Is it not because the President and General Council have set their seal and official condonation to a “theosophy” which countenances the grossest immorality, and which can advocate – as a means of “discharging [sic] thought-forms” (see Van Hook’s pamphlet) – a practice which you yourself once characterised as being “when taught under the name of Divine Wisdom, essentially earthly, sensual, devilish?” Yet it is thus taught and justified with an appeal to the laws of reincarnation and karma – in Van Hook’s pamphlet, which you and the General Council have refused to repudiate, and have thereby condoned.
And now, since you have had your own way, and have cleared the Society of the elements of the so-called “hatred and persecution”; can you not at least refrain from hitting behind our backs? Nothing is sadder for your old friends and comrades than to see you stoop to veiled insinuations, and even direct untruths; missing no opportunity – not even in the review of a book – of striking unjustly and falsely at those who have recently been your opponents, and who have now no direct means of answering you, or of refuting your statements within the Society itself.

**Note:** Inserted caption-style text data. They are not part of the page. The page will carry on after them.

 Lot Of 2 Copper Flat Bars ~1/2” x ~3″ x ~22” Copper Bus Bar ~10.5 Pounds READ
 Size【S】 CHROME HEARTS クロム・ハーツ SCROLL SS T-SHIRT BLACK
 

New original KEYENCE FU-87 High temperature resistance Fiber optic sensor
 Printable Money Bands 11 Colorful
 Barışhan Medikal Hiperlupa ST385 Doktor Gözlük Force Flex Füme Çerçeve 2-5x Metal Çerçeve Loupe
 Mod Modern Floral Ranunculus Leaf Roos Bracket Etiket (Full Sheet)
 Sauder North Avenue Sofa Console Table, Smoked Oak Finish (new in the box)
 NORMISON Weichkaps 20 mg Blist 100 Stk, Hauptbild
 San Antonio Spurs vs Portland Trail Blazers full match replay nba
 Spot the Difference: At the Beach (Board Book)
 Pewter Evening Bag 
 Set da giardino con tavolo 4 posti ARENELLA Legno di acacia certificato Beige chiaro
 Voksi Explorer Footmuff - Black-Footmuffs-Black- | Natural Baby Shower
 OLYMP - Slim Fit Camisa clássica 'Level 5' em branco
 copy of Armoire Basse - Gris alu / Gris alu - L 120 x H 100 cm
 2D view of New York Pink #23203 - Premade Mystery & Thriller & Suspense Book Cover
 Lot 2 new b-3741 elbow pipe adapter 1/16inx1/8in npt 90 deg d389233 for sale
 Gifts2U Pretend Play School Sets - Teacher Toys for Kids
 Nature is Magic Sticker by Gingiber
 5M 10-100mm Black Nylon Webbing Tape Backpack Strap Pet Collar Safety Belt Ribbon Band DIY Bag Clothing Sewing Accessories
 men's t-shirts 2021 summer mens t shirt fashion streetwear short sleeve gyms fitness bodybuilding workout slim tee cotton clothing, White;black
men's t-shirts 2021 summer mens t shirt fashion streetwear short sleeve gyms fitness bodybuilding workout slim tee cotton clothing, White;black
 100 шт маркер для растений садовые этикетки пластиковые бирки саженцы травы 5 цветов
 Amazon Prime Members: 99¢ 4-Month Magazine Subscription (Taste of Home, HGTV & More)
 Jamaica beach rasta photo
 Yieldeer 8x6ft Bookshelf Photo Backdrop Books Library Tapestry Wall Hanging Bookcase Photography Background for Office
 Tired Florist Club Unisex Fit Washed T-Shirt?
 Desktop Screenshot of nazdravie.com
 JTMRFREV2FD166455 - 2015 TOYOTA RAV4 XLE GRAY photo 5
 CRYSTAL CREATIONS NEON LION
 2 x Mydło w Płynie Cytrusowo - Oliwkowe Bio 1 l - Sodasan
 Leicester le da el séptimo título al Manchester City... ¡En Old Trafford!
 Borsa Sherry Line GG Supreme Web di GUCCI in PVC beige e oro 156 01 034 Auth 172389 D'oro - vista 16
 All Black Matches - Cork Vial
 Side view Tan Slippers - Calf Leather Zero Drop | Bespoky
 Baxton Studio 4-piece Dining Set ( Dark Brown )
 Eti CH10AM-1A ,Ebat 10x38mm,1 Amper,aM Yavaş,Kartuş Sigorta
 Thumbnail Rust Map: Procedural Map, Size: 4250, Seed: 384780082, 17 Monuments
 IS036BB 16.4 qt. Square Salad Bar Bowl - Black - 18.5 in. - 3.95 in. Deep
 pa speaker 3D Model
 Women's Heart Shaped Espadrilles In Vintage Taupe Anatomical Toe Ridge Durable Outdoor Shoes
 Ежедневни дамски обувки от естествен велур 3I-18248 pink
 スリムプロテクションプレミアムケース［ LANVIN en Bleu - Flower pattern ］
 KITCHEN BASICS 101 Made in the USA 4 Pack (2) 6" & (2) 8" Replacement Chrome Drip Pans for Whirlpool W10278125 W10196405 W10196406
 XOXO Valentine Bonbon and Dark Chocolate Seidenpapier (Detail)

I have italicised a few passages which seem to be of special importance as showing that, thirteen years ago , Mr. Leadbeater’s sinister hand had already grasped the Society and its infatuated President, and that his vile and immoral teachings, supported by her, had driven out some of the oldest and most clear-headed and clear-sighted of H. P. Blavatsky’s friends and pupils; among them Mr. G. R. S. Mead, one of the Leadbeater Committee of Inquiry, who also resigned at the time Mrs. Besant became President for the same reasons as those stated by Mr. Kingsland. The “practice” to which he alludes in his Open Letter is of course now well known to be that taught and advocated by Mr. Leadbeater, who claims that in so doing he is acting on the advice and under the authority of one of the Masters of Wisdom. Could a more terrible infamy be perpetrated!